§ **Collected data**
══════
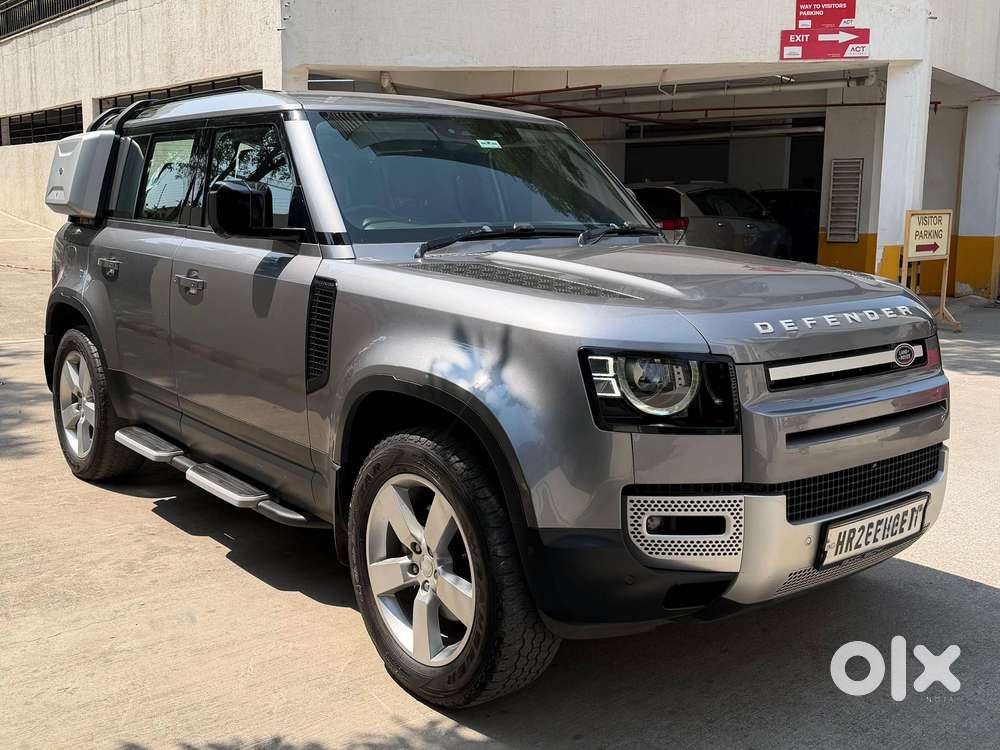 Land Rover Defender 2.0 110 Hse, 2022, Petrol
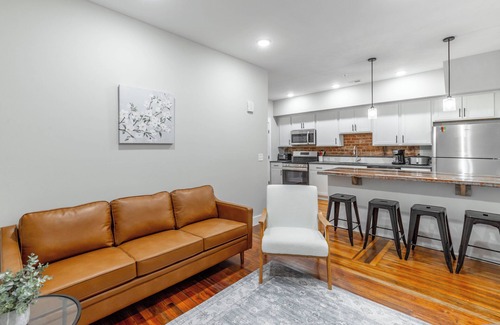 Chattanooga Apartment | Cozy 2-bedroom apartment in wonderful Chattanooga with AC, WiFi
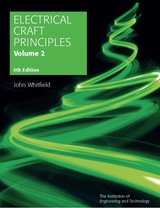 front cover of Electrical Craft Principles, Volume 2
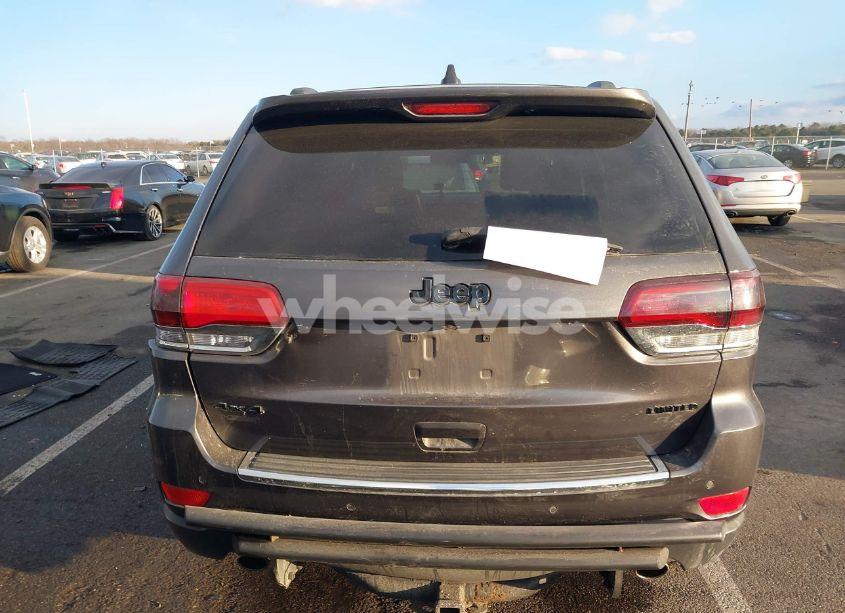 Photo 16 of 2014 Jeep Grand CHEROKEE LIMITED (VIN 1C4RJFBT1EC319752)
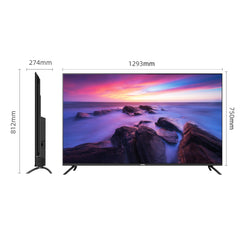CHiQ 58" 4K UHD Android TV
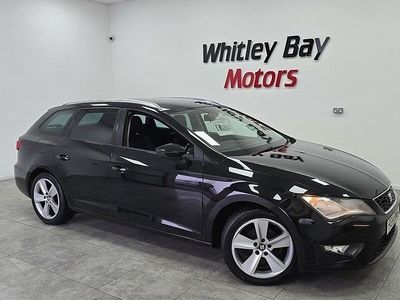 Used 2014 Seat Leon ST FR Estate | £5,990 (Fair price)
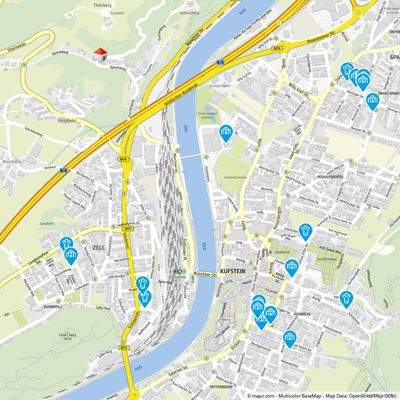 Gartenparadies am Thierberg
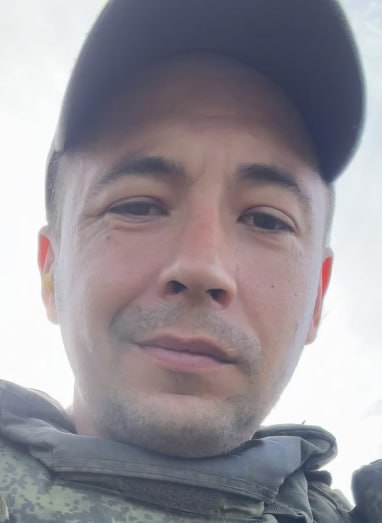 Фотография Павлов Вячеслав Радикович, погибший солдат СВО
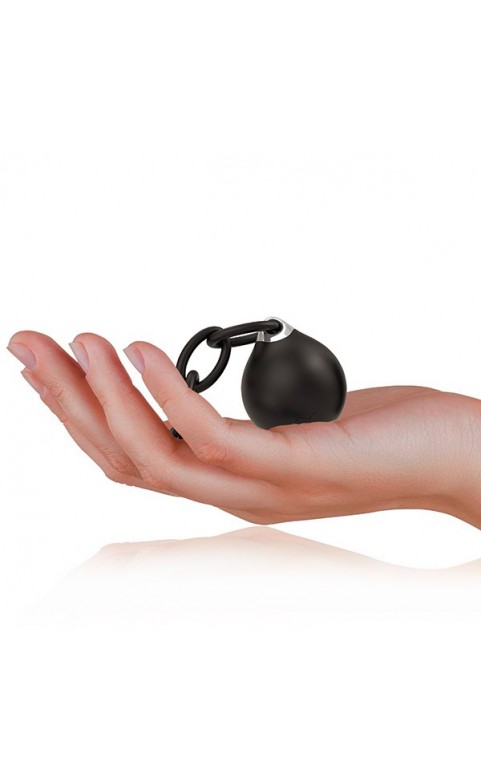 Rocks Off Lust Links Ball And Chain Remote Control Egg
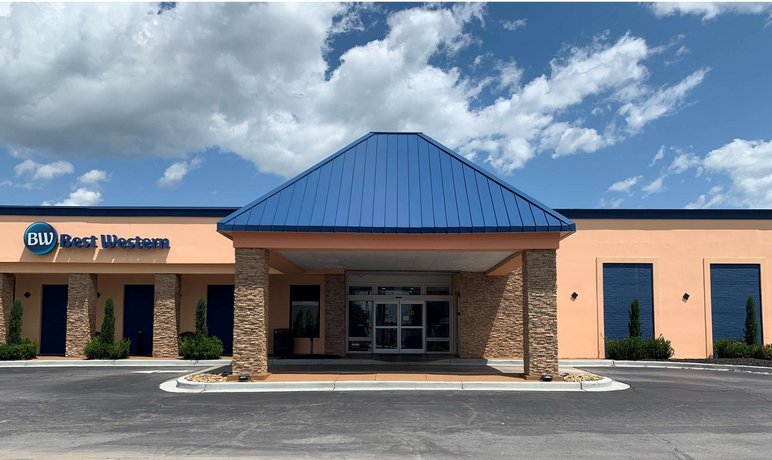 Best Western Greenville Airport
══════
§ **WHAT YOU HAVE TO DO**
With the images excluded, all entries are to be given again exactly.

§ **YOUR SOLUTION**
 Land Rover Defender 2.0 110 Hse, 2022, Petrol
 Chattanooga Apartment | Cozy 2-bedroom apartment in wonderful Chattanooga with AC, WiFi
 front cover of Electrical Craft Principles, Volume 2
 Photo 16 of 2014 Jeep Grand CHEROKEE LIMITED (VIN 1C4RJFBT1EC319752)
CHiQ 58" 4K UHD Android TV
 Used 2014 Seat Leon ST FR Estate | £5,990 (Fair price)
 Gartenparadies am Thierberg
 Фотография Павлов Вячеслав Радикович, погибший солдат СВО
 Rocks Off Lust Links Ball And Chain Remote Control Egg
 Best Western Greenville Airport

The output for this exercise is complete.